Le piratage informatique est une méthode principale pour produire un QR code du pass sanitaire. Mais selon les spécialistes, ce risque est assez faible il faut le signifier voir nulle même. « Il est presque impossible de générer un QR Code valable, puisqu’il faut détenir la clé privée de la sécurité sociale, ce qui est très compliqué à moins d’être un génie de l’informatique. Toutefois, le risque est là puisqu’il y a eu récemment une personne complice au sein de la sécurité sociale qui a été arrêtée, avec 200 codes », souligne Edouard Bliek.

Bien évidemment l’expérience a démontré toute situation de ce genre a tendance à attirer des personnes malhonnêtes. Si certains vont réellement de faux QR code, d’autres par contre se servent de ce besoin pour vendre des pass sanitaires qui n’arriveront jamais à leur propriétaire.

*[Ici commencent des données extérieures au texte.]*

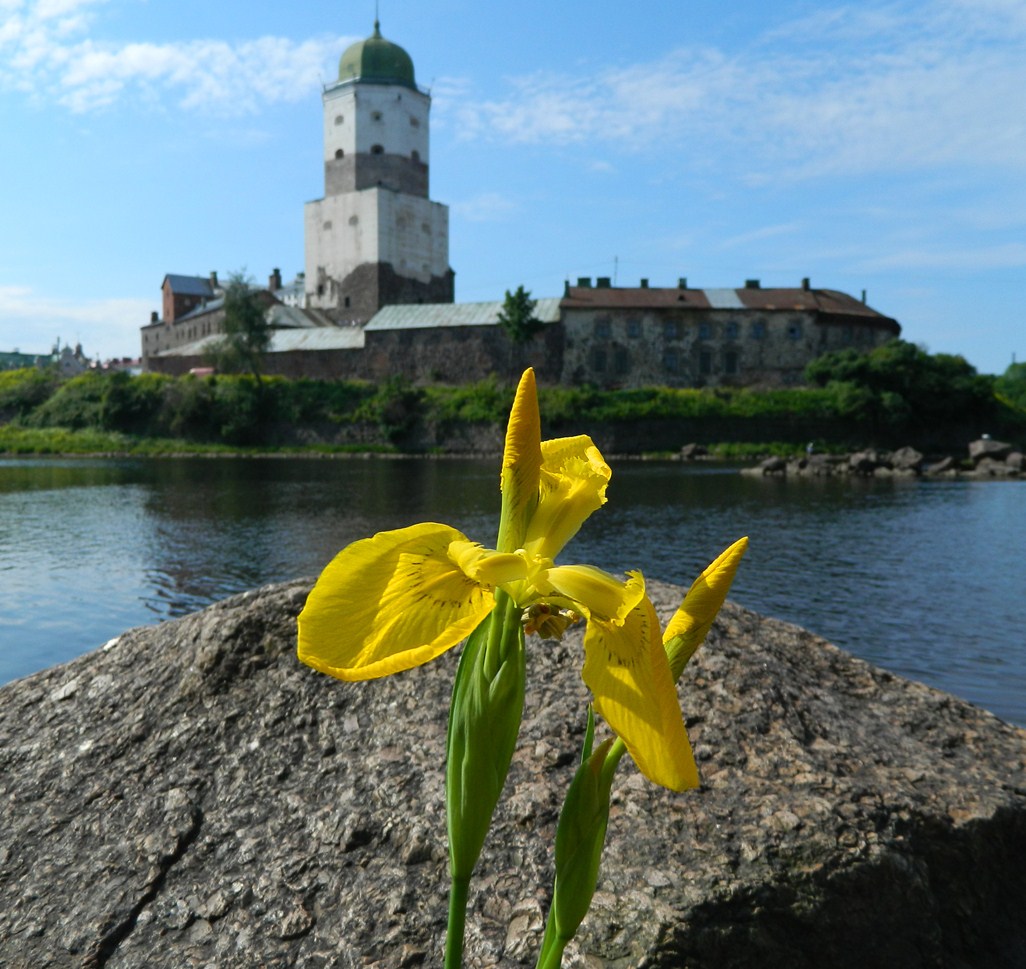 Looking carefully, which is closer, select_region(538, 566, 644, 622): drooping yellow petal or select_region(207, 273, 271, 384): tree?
select_region(538, 566, 644, 622): drooping yellow petal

Cependant, il ne faudra pas oublier qu’utiliser un faux pass sanitaire est puni par la loi. Dans la mesure où un fraudeur se fait prendre par un faux document, il encourt une sanction allant d’une amende de 135 € à 1500 € en cas de récidive. Dans la mesure où le fraudeur est dans sa troisième infraction en moins de 1 mois, il risque une amende de 3750 € et 6 mois d’emprisonnement. Quant aux faussaires et les revendeurs, il encore des peines alors à 45000 € d’amende et jusqu’à 3 ans de prison.